Le transfert représentait un fragment de répétition
inconsciente que l'analyste devait démasquer. La fonction
du cadre analytique consistait à permettre d'isoler le
transfert, dans un état de pureté libre de contamination,
dans les limites imposées par un cadre fixe, égal
pour tous. Afin de garantir la concordance avec le modèle
répandu d'objectivité scientifique, il était
fondamental d'exclure au maximum toute possibilité de
contamination du processus analytique, que ce soit par l'analyste
ou par la technique.
Personnellement, je préfère le terme de "dispositif
analytique" au terme plus traditionnel de "cadre"
ou de "setting". Cela rend mieux l'idée d'un
trucage ("marchingenio",) d'un artifice, d'un instrument
quantique de mesure, qui contribue à donner forme et organisation
aux phénomènes observés. Il ne s'agit plus
d'une réalité objective, c'est-à-dire séparée
de l'observateur, mais d'une réalité ouverte, intersubjective,
ce qui signifie une réalité construite entre deux
qui ne font qu'un seul, l'"unité fondamentale"

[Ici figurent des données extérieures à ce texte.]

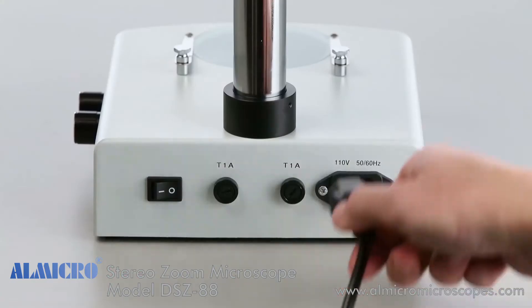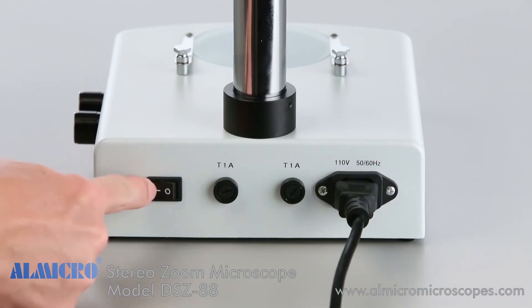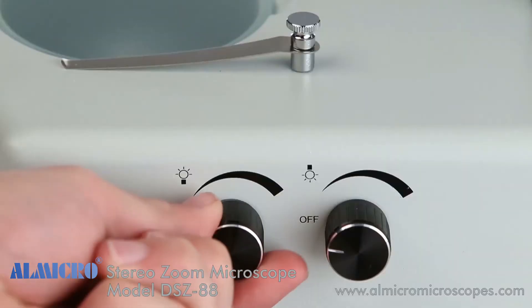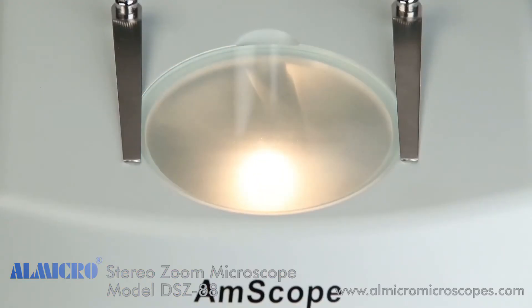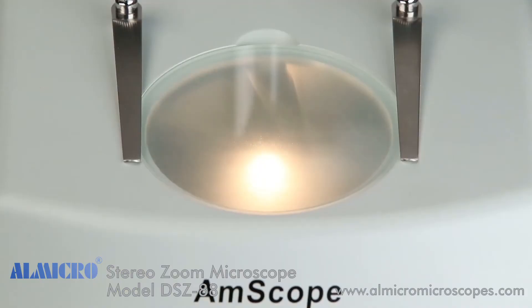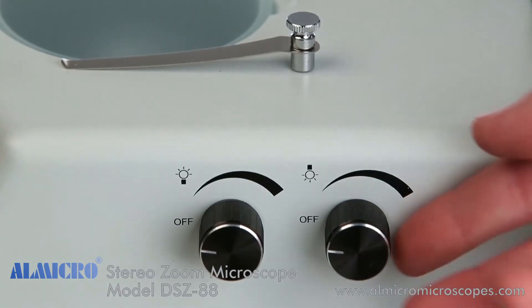Next, insert the main power cord and plug it into an AC outlet. Flip the power switch to enable the lights. The microscope has two switched dimmer knobs: the knob on the left controls the bottom lighting, and the knob on the right controls the upper lighting.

de M. Little ou la "symbiose thérapeutique"
de H. Searles.
Le transfert symbiotique conduit de façon régressive
la relation thérapeutique à un terrain situé
au-delà de la frontière du psychisme, où
prévalent la différentiation et l'intégration,
que ce soit au niveau intersubjectif ou intrapsychique. La symbiose
thérapeutique me suggère un dispositif de mesures
quantique, dont la fonction consisterait à faciliter le
passage du chaos informe, de l'indéfini, à la détermination.
Mais pour permettre ce passage au processus de personnalisation,
de constitution d'un individu entier et séparé,
il est inévitable et nécessaire d'entrer avec lui
dans la zone d'indétermination où il se trouve
prisonnier. On a la sensation d'être rentré dans
un type de relation où, inévitablement, les confins
entre son propre moi et l'objet sont confus, où des sentiments
contradictoires tendent à se fondre en un tout unique,
situation qui rend difficile de distinguer à certains
moments de cette interaction thérapeutique en actes, entre
les processus de projection et d'introjection, entre patient
et analyste.
Pendant cette phase de symbiose thérapeutique, il n'est
pas facile de distinguer quelle partie du comportement, des affects
et de l'ensemble de l'expérience subjective de l'analyste,
est provoqué par le transfert du patient et quelle partie
provient de son contre-transfert, lié aux vicissitudes
de sa propre existence. La relation oscille constamment entre
deux pôles qui tiennent à entrer dans un état
de superposition, comme celui illustré par le chat imaginaire
de Schrödinger. À certains moments, le psychanalyste
revit les mêmes émotions conflictuelles que, de
son temps, la mère du patient a pu expérimenter
avec son fils tout petit. À d'autres moments, il incarne
la partie du patient qui représente, à son tour,
sa propre mère. Une autre éventualité, non
moins fréquente, consiste dans le fait que le patient
lui-même tend à faire le thérapeute de son
propre analyste, répétant dans la cure un fragment
de sa propre histoire infantile, où le maintien de la
symbiose servit à remplir cette fonction (de thérapeute)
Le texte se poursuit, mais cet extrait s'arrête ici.